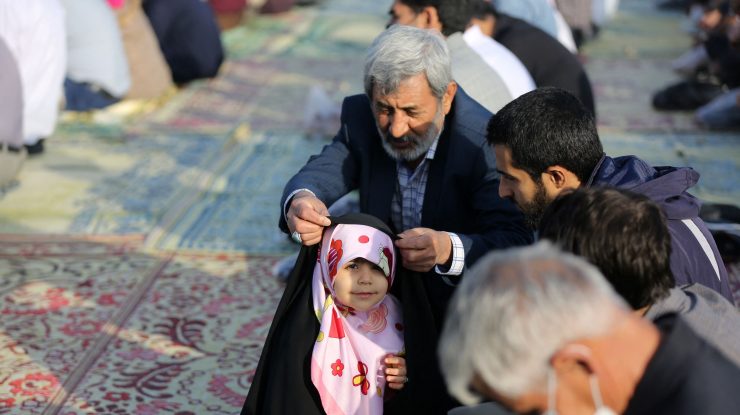 Talibanii le cer din nou femeilor afgane să-şi acopere faţa în public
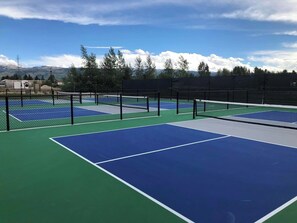 Sport court - New Modern 5BR with AC - Walk to Targhee Shuttle (Driggs)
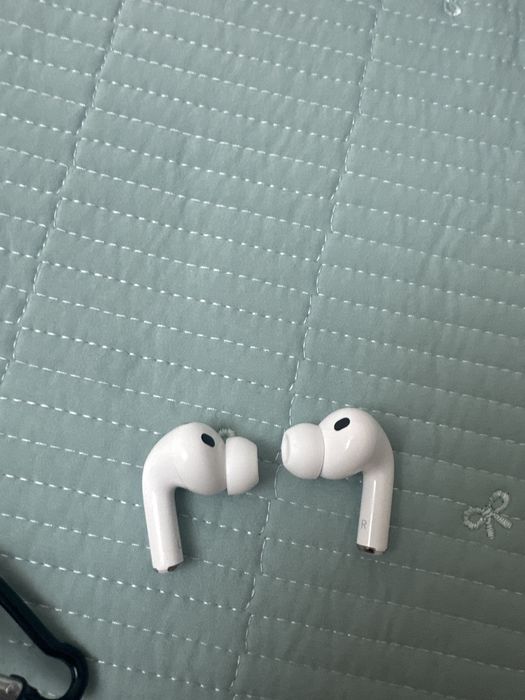 Airpods есть договорная цена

• YOUR ASSIGNMENT
Return the material from above in full, exactly as written, with the pictures omitted.

• ANSWER
 Talibanii le cer din nou femeilor afgane să-şi acopere faţa în public
 Sport court - New Modern 5BR with AC - Walk to Targhee Shuttle (Driggs)
 Airpods есть договорная цена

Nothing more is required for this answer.